However, since Dr. King's assassination in 1968 more Americans have resolved themselves to helping fulfill Dr. King's dream, while fewer can come to consensus on what that dream represents, a contention eloquently considered in historian Nikhil Singh's recent study, Black is A Country. Part of Singh's analysis centers on the reduction of King's life and work to a burst of rhetorical flair during his speech at 1963's March on Washington. Of course, we know that for many people, especially well known activists such as Reverends Jesse Jackson and Al Sharpton, Dr. King's murder in April 1968 was a tragic setback in a struggle for African American liberation from unjust living conditions in the United States, but not the end of that crusade. For others whose lives are not chronicled by media outlets as luminously as Jackson and Sharpton's, their commitments to keeping "the dream" alive reveals the delicate relationship between Dr. King the icon, and Dr. King, the man--an apostle in a larger campaign for justice.

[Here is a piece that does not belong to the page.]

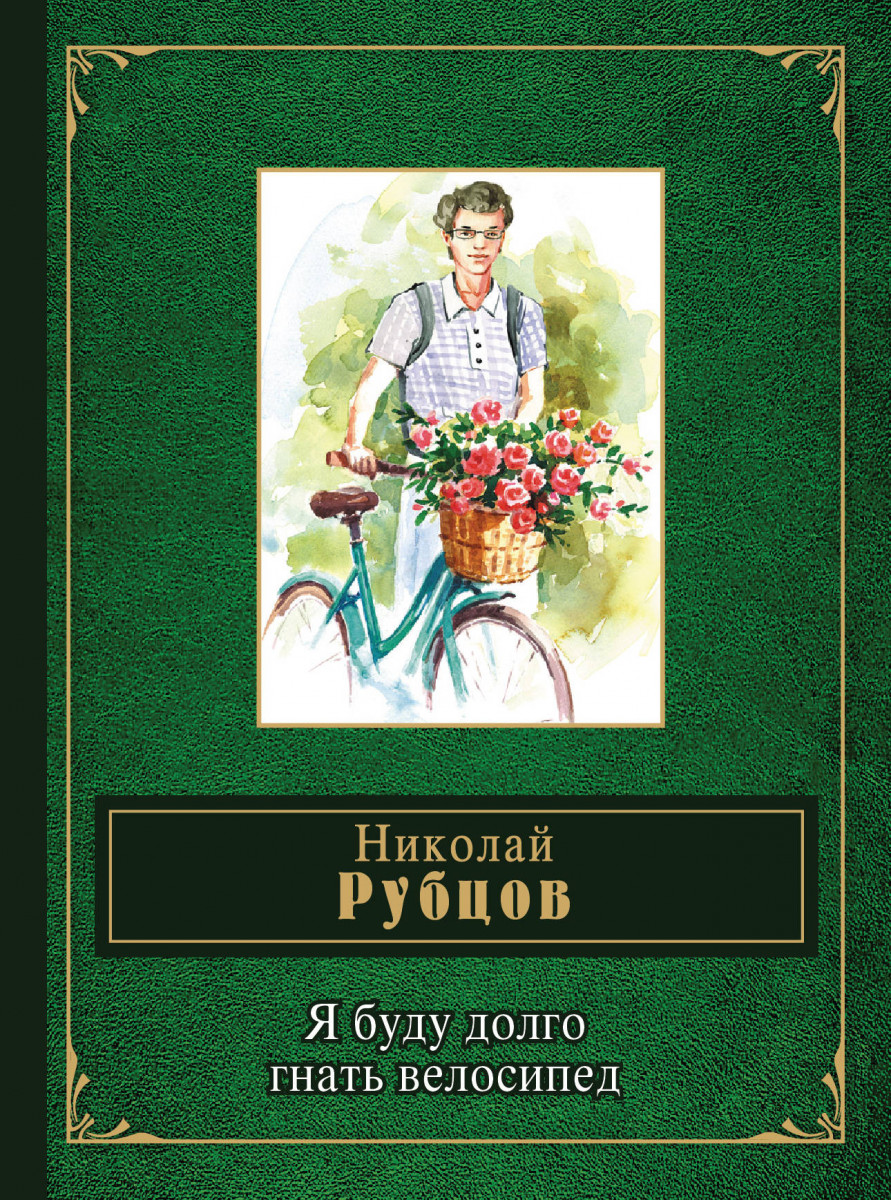 Купить книгу Я буду долго гнать велосипед Рубцов Н.М. | Book24.kz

Visitors to the Lorraine Motel will recognize, Jacqueline Smith, a woman who has pursued her own unique battle to keep "the dream" alive. Ms. Smith, the last resident of the Loraine Motel was evicted in March 1988, two months after the motel was closed in advance of renovations necessary for its transformation into The Civil Rights Museum. For over twenty years, Ms. Smith has been struggling to galvanize forces to support her movement contesting the decision to turn the Lorraine Motel into a museum. As Ms. Smith declares on her website, her "personal dream has always been to convert the Lorraine Motel into sheltered housing for the poor and displaced, a community center or facilities for the needy," a conviction she believes is in keeping with Dr. King's own dream. Her website features photographs and other artifacts from two decades steadfastly dedicated to pursuing his dream. Mementos on Ms. Smith's site range from a photograph taken with U2 lead singer and international activist, Bono, as well as this quote attributed to Mahatma Gandhi's grandson, Arun Gandhi, "By erecting such lifeless and senseless monuments to dynamic men like Dr. King and Gandhi, we are not perpetuating their memories, but insulting their intelligence."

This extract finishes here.